2. Helena Christensen, 39: “Looking gaunt” and “tired-looking is the face of the less-glamorous Ariel washing powder.”
3. Naomi Campbell, 38: “Hairline receding” and “her famous mane is looking thinner than ever.”
4. Linda Evangelista, 43: “Plumped up” and “has now scaled down her modelling work to focus on motherhood.”
5. Kate Moss, 34: “Worn and haggard” and “she’s recently been dropped by Agent Provocateur in favour of a younger model.”
The photographic evidence is poor, and being more than ten years younger than the youngest of these “old” supermodels I would be more than happy to wake up in the morning in ten, twenty years time to see their faces smiling back at me. They are still very attractive women, who must be in possession of shrewd business sense to a certain extent to have been able to have had such lucrative careers in an industry that is littered by pretty faces and girls and young women who believe they are “the next big thing.” Yet, they are berated for their appearance in the most base and superficial manner, and while I understand that these are women whose looks have been a saleable commodity, I do wonder if Heat is just for needlessly filling a two-page spread with this downright boring feature. So what if Christensen is looking “tired?” She has a small child and is probably still doing more shoots than I’ve had hot dinners, so I think that, as a being made of flesh and bone, she is entitled to let her exhaustion become physically apparent during her personal time, if that’s ok.
The “report” also espouses a derogatory attitude towards motherhood, with the implication that Evangelista has plumped up (and thus lost the beautiful looks that made her a household name in the first place) a result of her decision to swap the limelight in favour of looking after her small child. The implication is that it’s impossible to be attractive and a mother, and you can almost hear the collective sigh from the editorial staff emanating from the line “to focus of motherhood” as if it was not a legitimate reason to give up a career, but a weak excuse for those who can’t cut it.

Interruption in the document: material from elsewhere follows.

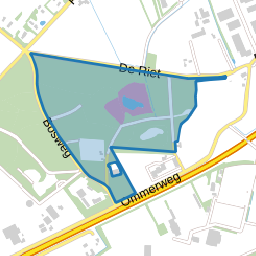 Perceel HDB01-O-2648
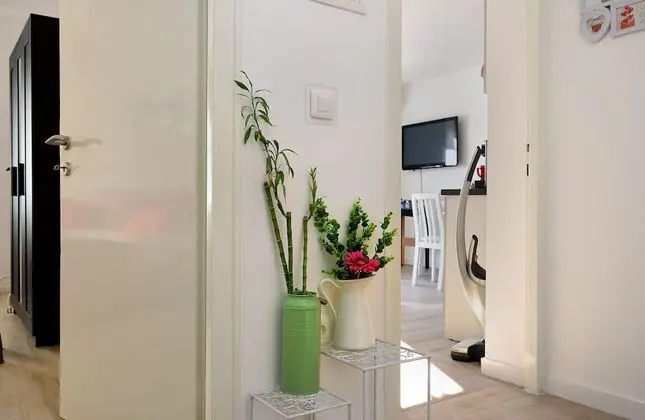 Standard Apart Daire, 2 Yatak Odası (21382)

So what’s the general consensus? I suppose there’re two ways to interpret this: firstly, by showing that women in the limelight, women who have made careers for themselves out of the way they look, are also susceptible to physical changes emanating from lifestyle choices and ageing does perhaps demonstrate that we are not “imperfect” or “unattractive” for not being able to imitate the flawless perfection promoted on bill boards by models. It also, to an extent, highlights the air-brushed fantasy that is corporate advertising. Or, rather, by suggesting that these women are in some way “flawed,” something that the vast majority of us will be unable to recognise from the “proof” presented, does this instead foster a sense of “inferiority” in those of us who are not what would be considered traditionally beautiful, and are just ordinary women getting on with our everyday lives? Personally, I am more inclined towards believing the latter, and I do wonder what sort of thought processes result in utter rubbish like this being published in the first place. Does anyone have any thoughts on this?